▶ **Dataset**
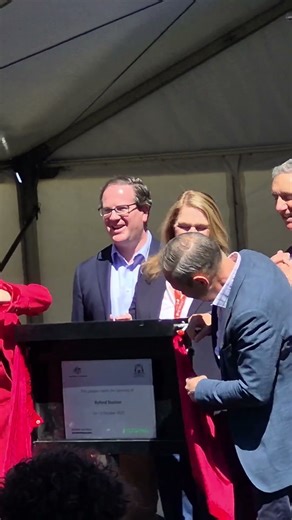 Revealing the Plaque at Metronet Byford Station #transperth #metronet #train #moderntransit
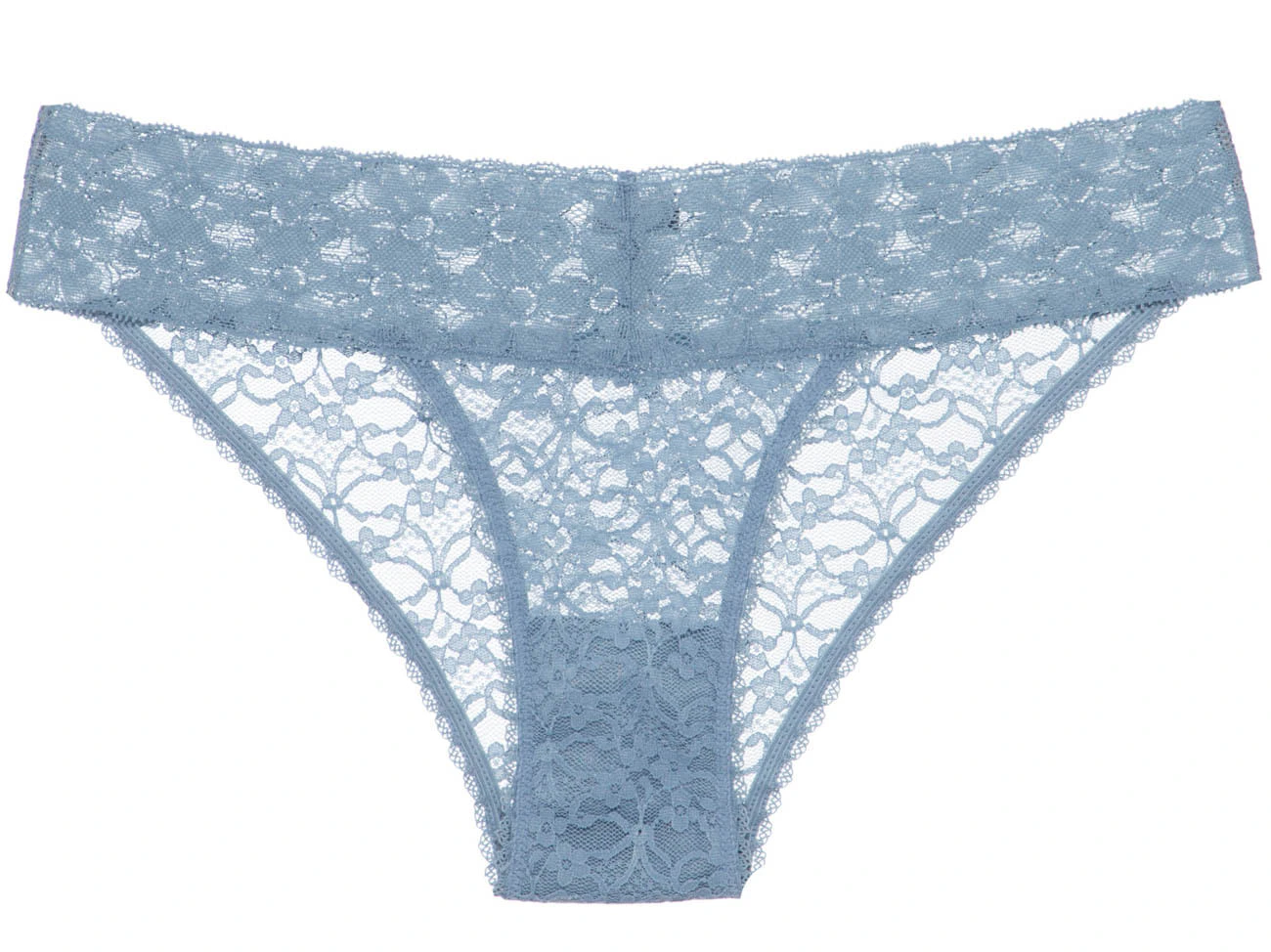 Calcinha Biquíni Renda Sweet Lace Azul Acinzentado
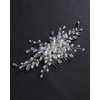 Rumtock Vintage Silver Hair Comb Handmade Pearl Hair Piece for Women Wedding Bridal Hair Jewelry (Silver)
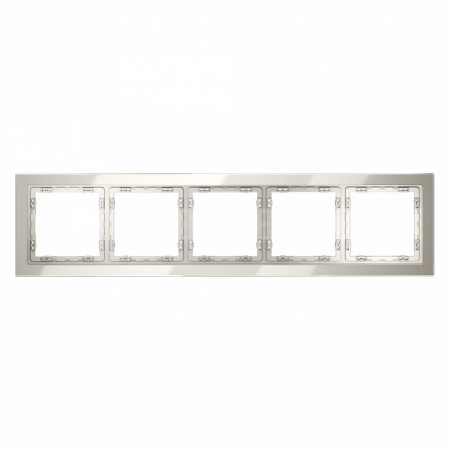 Рамка стеклянная VOLTUM S70 на 5 постов, (кашемир, стекло)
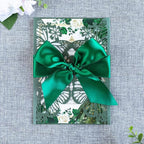 20 PCS 5.12x7.2 Butterfly Personalized Quinceanera Invitation, Customized XV Anos Laser Cut Invitation Cards with Envelopes (Emerald Green Personalized)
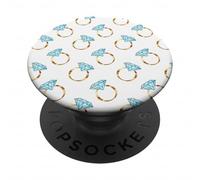 Bague de fiançailles Modèle Future mariée Cortège Nuptial PopSockets PopGrip Adhésif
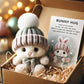 🔥Paasuitverkoop 50% KORTING🐇- Handgemaakt Mini Konijn Knuffel Leuk Paascadeau🎁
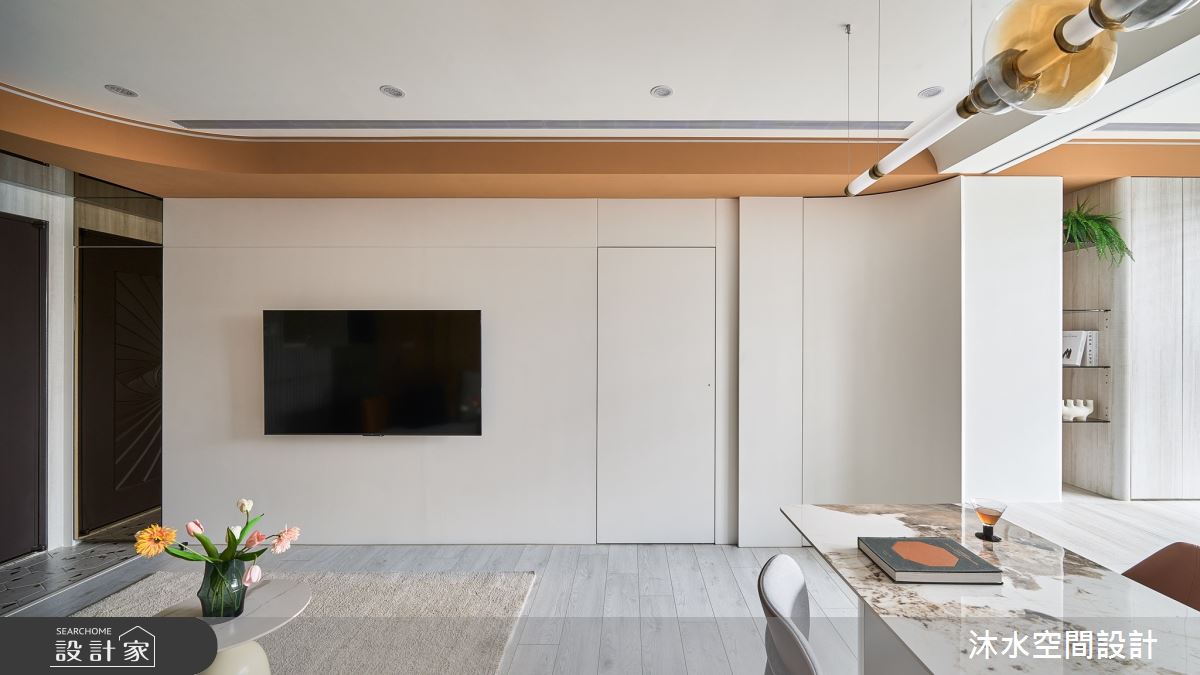19坪新成屋(5年以下)＿現代風玄關客廳餐廳案例圖片＿沐水空間設計＿沐水_29之11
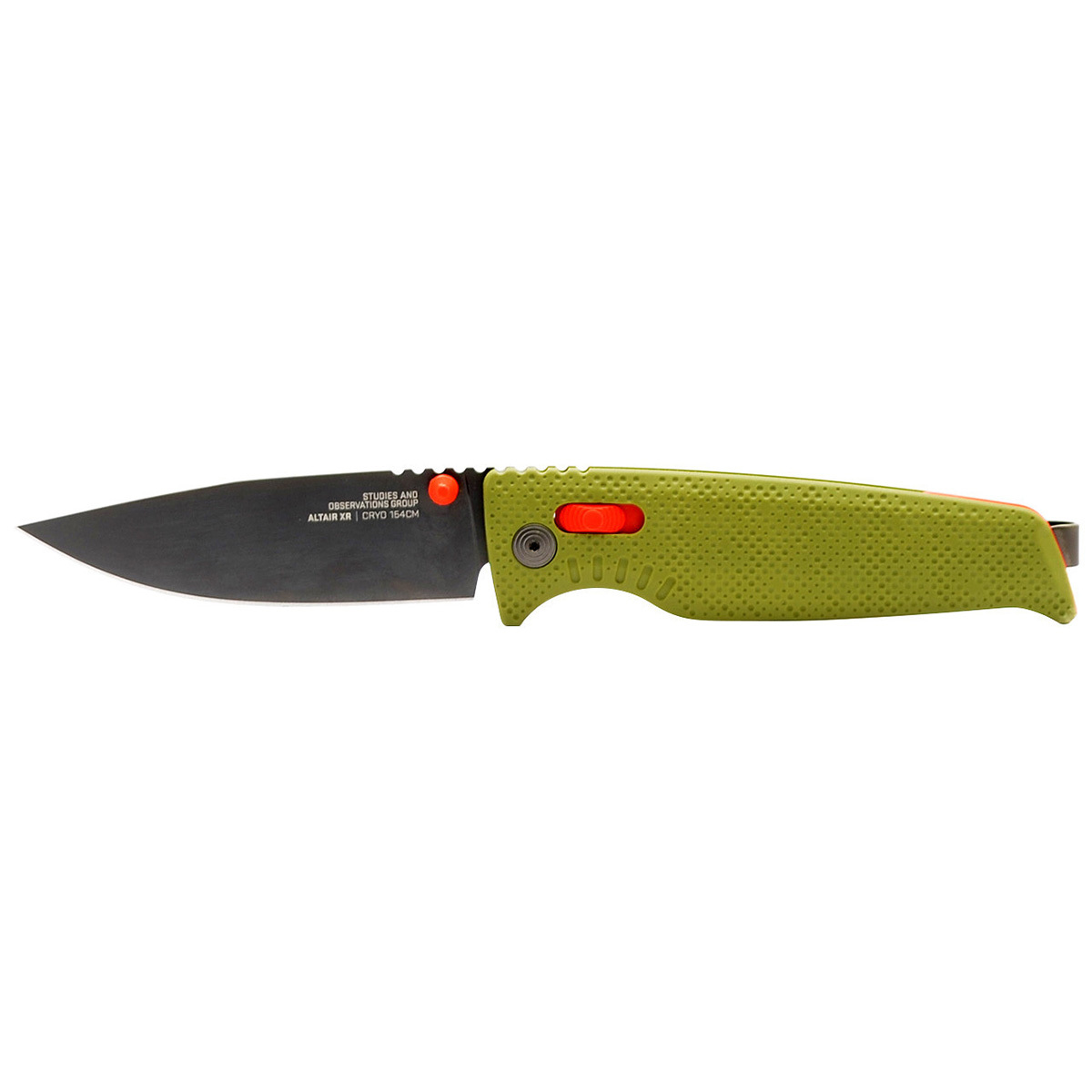 фото Складной нож sog altair xr, сталь cryo 154cm, рукоять grn, зеленый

▶ **About this exercise**
Copy exactly the lines that run from the line containing "Knuffel Leuk Paascadeau🎁" to the end of the data above, keeping both end lines and leaving out all pictures.

▶ **Worked solution**
 🔥Paasuitverkoop 50% KORTING🐇- Handgemaakt Mini Konijn Knuffel Leuk Paascadeau🎁
19坪新成屋(5年以下)＿現代風玄關客廳餐廳案例圖片＿沐水空間設計＿沐水_29之11
 фото Складной нож sog altair xr, сталь cryo 154cm, рукоять grn, зеленый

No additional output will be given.